A Python wrapper for the darksky.net API (previously forecast.io). This started as port of my other wrapper ForecastIO-Lib-Java but as the languages are so different, this one took its own way. Anyway it is largely inspired by my previous Java wrapper. The API is fully implemented except for something I missed. Further development and improvements will continue.

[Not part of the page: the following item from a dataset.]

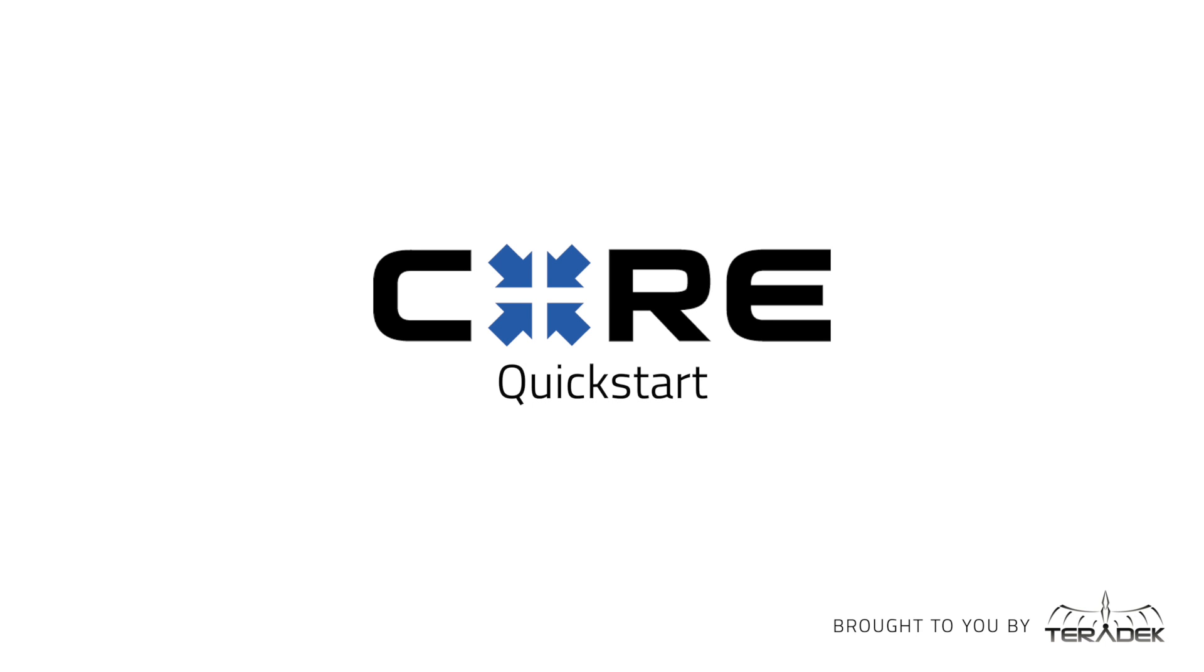Core. Quick start. Today we will go over how to set up your Teradek Core account so you can manage your entire IP video workflow from the cloud.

This is for and was developed with Python 2.7
Worked also with Python 3

####What's new with 0.21

  • Changed api url from old api.forecast.io to the new api.darksky.net

  • Some docstrings typos fixed

####What's new with 0.2

  • Indexes of auto created properties now start in 0, 0 being the current day Issue #s

  • If the API key is invalid, an ValueError is raised Issue #3

  • Better Python 3 support

  • Other improvements

####Quick Start: Install the package:

pip install forecastiopy

Get the coordinates of your location, let's say Lisbon:

>>> Lisbon = [38.7252993, -9.1500364]

Get the current temperature and precipitation probability:

>>> from forecastiopy import *
>>> fio = ForecastIO.ForecastIO(YOUR_APY_KEY, latitude=Lisbon[0], longitude=Lisbon[1])
>>> current = FIOCurrently.FIOCurrently(fio)
>>> print 'Temperature:', current.temperature
Temperature: 11.07
>>> print 'Precipitation Probability:', current.precipProbability
Precipitation Probability: 0.29

####What is does:

  • It can read Data Points and Data blocks from the darksky.net API.
    • This means it can read Currently, Minutely, Hourly, Daily, Flags and Alerts data.
  • It reads all available fields.
  • It reads all the available flags.
  • It reads all the available alerts.
  • It reads all the available errors.

####What it does not:

  • It does not implements the callback request option.

####To Do:

  • I'm not sure at this point in time but I'm sure something will appear.
  • I need to improve the docstrings
  • Python 3 compatibility

####How it works: The forecastiopy package has 9 classes. The main class is ForecastIO: It handles the connection, build the url and the gets the initial data from the API. The classes FIOCurrently, FIOMinutely, FIOHourly, FIODaily, FIOFlags and FIOAlerts contain the currently, minutely, hourly, daily, flags and alerts reports. Data can be accessed by the returned dictionary or directly by attributes made with reflection magic. See "Usage Examples" below.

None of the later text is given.